Specific usury laws may apply to certain categories of loans, such as the limitation placed on interest rates on single pay loans of $1,000.00 or less for one year or less. Rates charged on installment loans, including credit cards, as well as other types of loans may be governed by the Industrial Loan and Thrift Companies Act.
-7-
IMPACT OF GRAMM LEACH-BLILEY ACT
The Gramm-Leach-Bliley Financial Modernization Act of 1999 permits bank holding companies meeting certain management, capital, and community reinvestment act standards to engage in a substantially broader range of non-banking activities than permitted previously, including insurance underwriting and merchant banking activities. The Act repeals sections 20 and 32 of the Glass Steagall Act, permitting affiliations of banks with securities firms and registered investment companies. The Act authorizes financial holding companies, permitting banks to be owned by security firms, insurance companies and merchant banking companies and visaversa. Some of these affiliations are also permissible for bank subsidiaries. The Act gives the Federal Reserve Board authority to regulate financial holding companies, but provides for functional regulation of subsidiary activities.
The Gramm-Leach-Bliley Financial Modernization Act also modifies financial privacy and community reinvestment laws. The new financial privacy provisions generally prohibit financial institutions such as the Bank from disclosing non-public personal financial information to third parties unless customers have the opportunity to opt out of the disclosure. The Act also magnifies the consequences of a bank receiving a less than a satisfactory community reinvestment act rating, by freezing new activities until the institution achieves a better community reinvestment act rating.

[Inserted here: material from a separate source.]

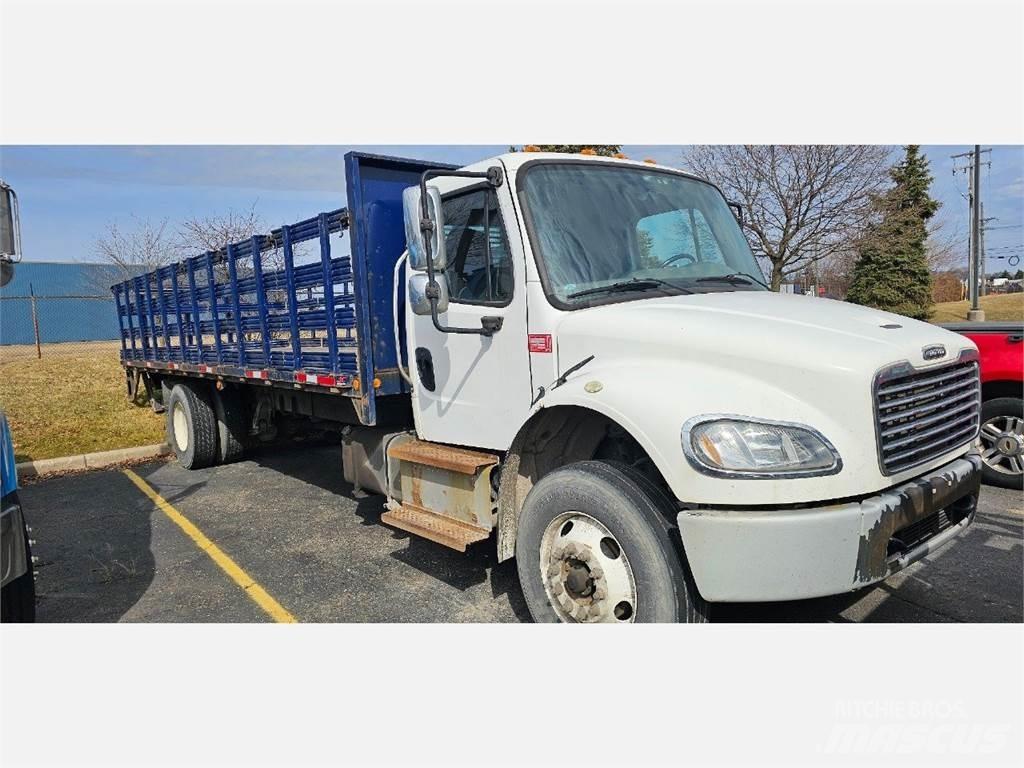 Freightliner M2 106 Lava-kuorma-autot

USA PATRIOT ACT OF 2001. On October 26, 2001, President Bush signed into law the United and Strengthening America by Providing Appropriate Tools Required to Intercept and Obstruct Terrorism Act of 2001. Also known as the "Patriot Act," the law enhances the powers of the federal government and law enforcement organizations to combat terrorism, organized crime and money laundering. The Patriot Act significantly amends and expands the application of the Bank Secrecy Act, including enhanced measures regarding customer identity, new suspicious activity reporting rules and enhanced anti-money laundering programs. Under the Act, each financial institution is required to establish and maintain anti-money laundering programs, which include, at a minimum, the development of internal policies, procedures, and controls; the designation of a compliance officer; an ongoing employee training program; and an independent audit function to test programs. In addition, the Act requires the bank regulatory agencies to consider the record of a bank or banking holding company in combating money laundering activities in their evaluation of bank and bank holding company merger or acquisition transactions. Regulations proposed by the U.S. Department of Treasury to effectuate certain provision of the Patriot Act provide that all transaction or other correspondent accounts held by a U.S. financial institution on behalf of any foreign bank must be closed within ninety days after the final regulations are issued, unless the foreign bank has provided the U.S. financial institution with a means of verification that the institution is not a shell bank. First Citizens National Bank implemented policies and procedures in compliance with stated regulations of the Patriot Act.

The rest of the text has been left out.